News

WASHINGTON, July 31, 2012 (LifeSiteNews.com) – A bill that would have prohibited abortions after 20 weeks gestation based on the unborn child’s capacity to feel pain has failed to clear the 2/3 majority hurdle it needed to pass in the U.S. House of Representatives.

House members supported the D.C. Pain-Capable Unborn Child Protection Act 220-154, including 17 Democrats, in the vote Tuesday evening. However, the simple majority was not enough because the measure had been expedited by House leaders. The bill had 222 cosponsors in the House.

Supporters of the bill cited extensive medical evidence showing that unborn children have developed the ability to feel pain by at least 20 weeks, and pushed the bill as an urgent remedy for the District of Columbia, which currently allows abortions for any reason through all nine months of pregnancy.
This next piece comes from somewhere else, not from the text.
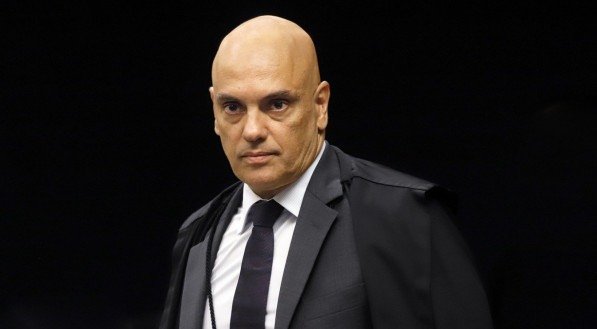 Alexandre de Moraes prorroga mais uma vez inquéritos que incomodam Bolsonaro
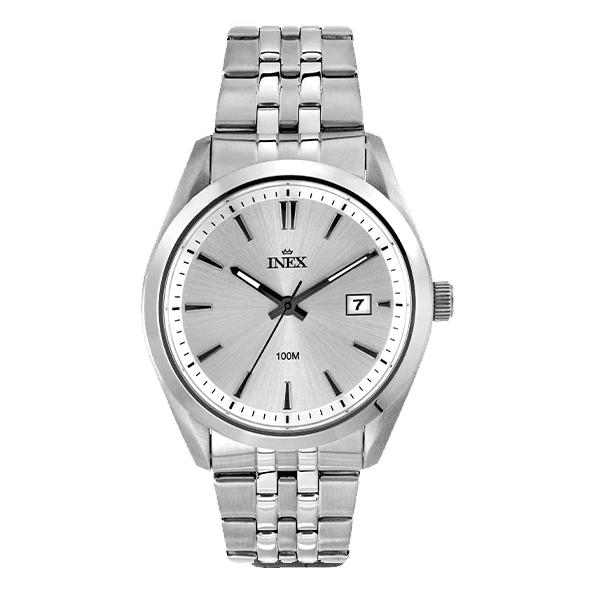 Sølvfarget armbåndsur med metallrem, rund urskive, svarte timemarkører, datovindu ved klokken 3 og merkenavnet «INEX» på urskiven.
A poll commissioned by the National Right to Life Committee earlier this month found strong support for such a measure among American adults, with 63 percent of respondents in a telephone survey saying abortion should be banned after the point when a child can feel pain.

Rep. Chris Smith (R-NJ), a leading right to life advocate on Capitol Hill, said on the House floor Tuesday afternoon during debate over the bill that the measure was a “wake up call” to Americans on the reality of abortion.

“By now, many Americans know that abortion methods are violent and include dismemberment of a child’s fragile body, chemical poisoning and hypodermic needles to the baby’s heart,” said Smith. “But the relatively new scientific understanding that unborn babies are forced to endure excruciating pain in the performance of later term abortions-and perhaps even earlier-should shock us.”

Earlier Tuesday, a federal judge upheld Arizona’s own abortion ban based on fetal pain, which is set for implementation this week. Eight other U.S. states have similar bans.